PROBLEM TO SOLVE
Your answer must be an exact copy of the records below, with every picture left out.

Captioned web image data
>>

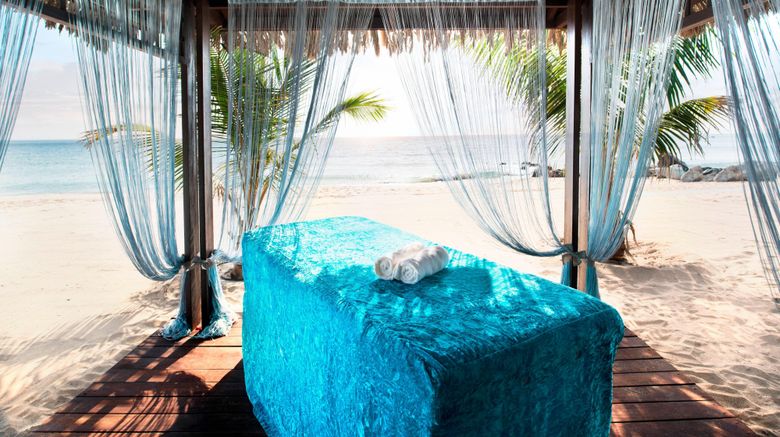 <b>Le Meridien Al Aqah Beach Resort Spa</b>. Images powered by <a href="https://leonardo.com/" title="Leonardo Worldwide" target="_blank">Leonardo</a>.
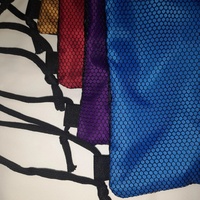 Sac à cordon personnalisé avec poche zippée en polyester durable, promotionnel, en gros, fabricant OEM, usine d'exportation de Sialkot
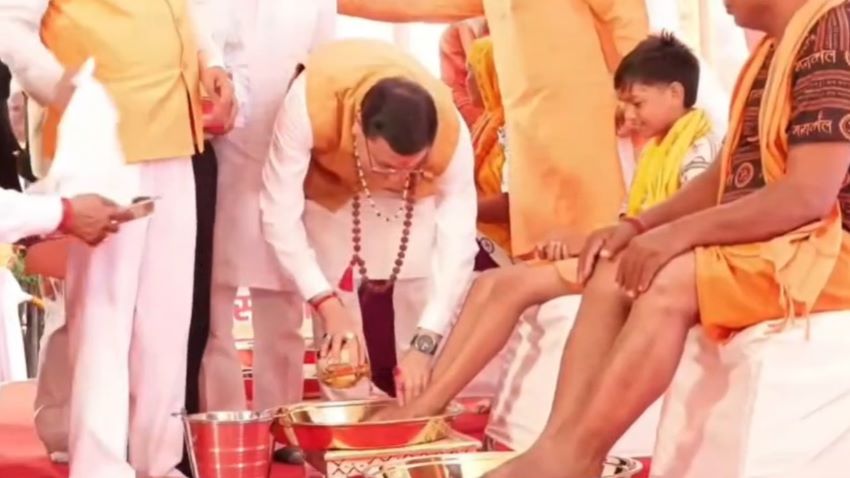 हरिद्वार में भक्ति का अद्भुत नजारा: CM धामी ने पखारे कांवड़ियों के पांव, हेलिकॉप्टर से हुई पुष्पवर्षा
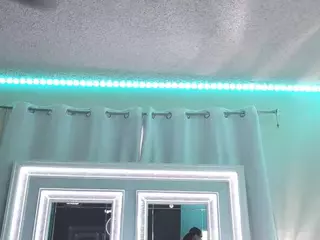 adafontaine18's Live Sex Cam Show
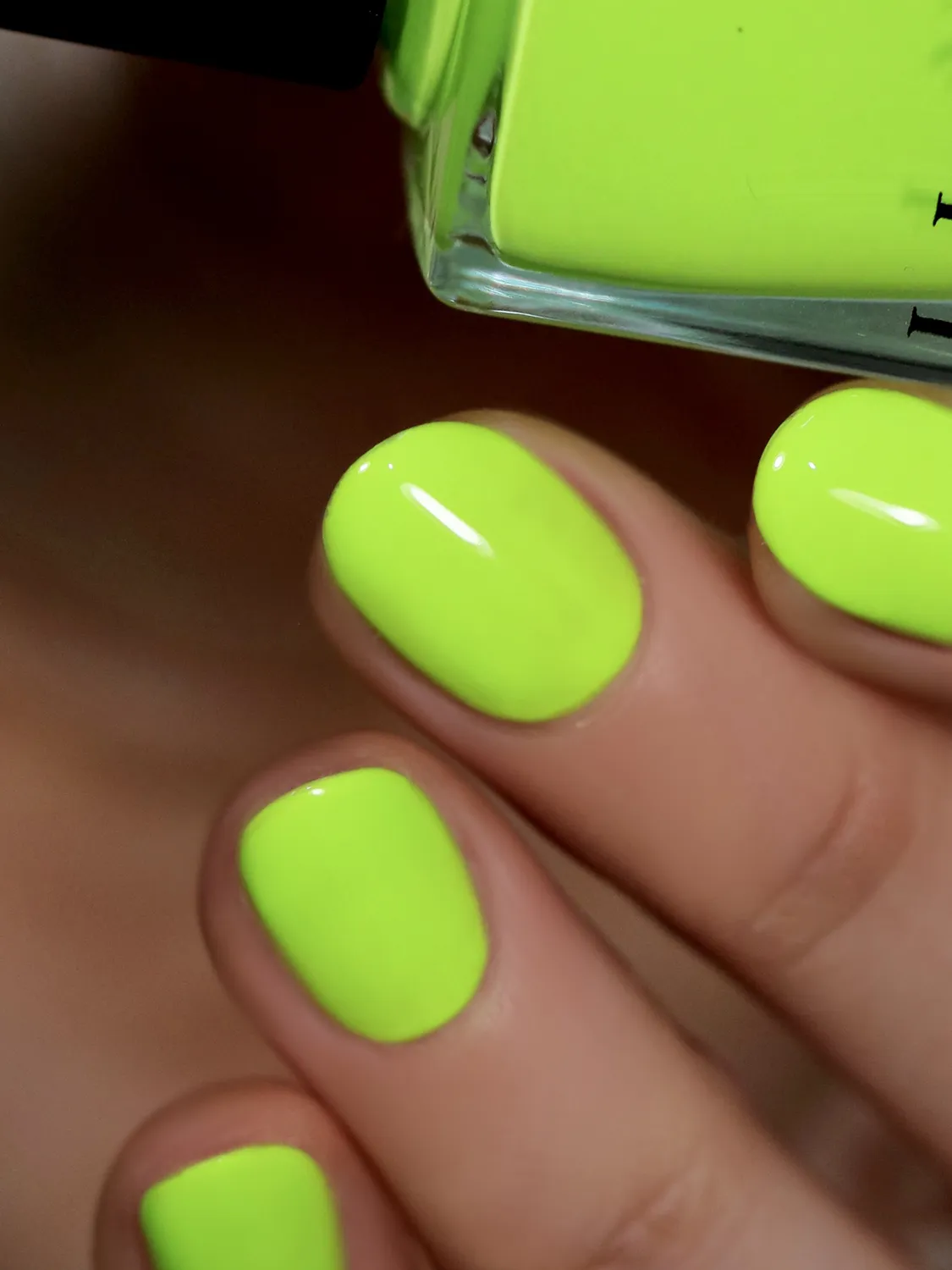 ILNP Playlist nagellack neongulgrön kräm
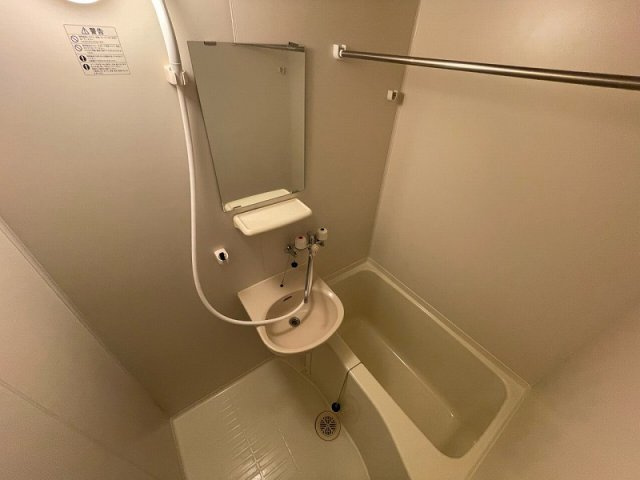レオパレス三田の浴室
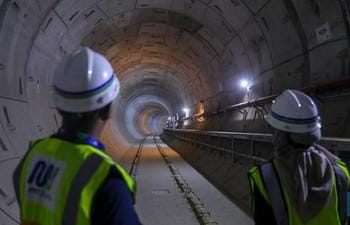 Pekerja mengontrol pembangunan proyek Fase 2 MRT di kawasan Monas, Jakarta, Kamis, 25 Januari 2024. Proyek pembangunan terowongan yang membentang 11,8 kilometer dari Bundaran HI hingga Ancol Barat terus dikebut. (Foto: Ist./CNBC Indonesia).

<<

COMPLETED TASK
 <b>Le Meridien Al Aqah Beach Resort Spa</b>. Images powered by <a href="https://leonardo.com/" title="Leonardo Worldwide" target="_blank">Leonardo</a>.
 Sac à cordon personnalisé avec poche zippée en polyester durable, promotionnel, en gros, fabricant OEM, usine d'exportation de Sialkot
 हरिद्वार में भक्ति का अद्भुत नजारा: CM धामी ने पखारे कांवड़ियों के पांव, हेलिकॉप्टर से हुई पुष्पवर्षा
 adafontaine18's Live Sex Cam Show
 ILNP Playlist nagellack neongulgrön kräm
レオパレス三田の浴室
 Pekerja mengontrol pembangunan proyek Fase 2 MRT di kawasan Monas, Jakarta, Kamis, 25 Januari 2024. Proyek pembangunan terowongan yang membentang 11,8 kilometer dari Bundaran HI hingga Ancol Barat terus dikebut. (Foto: Ist./CNBC Indonesia).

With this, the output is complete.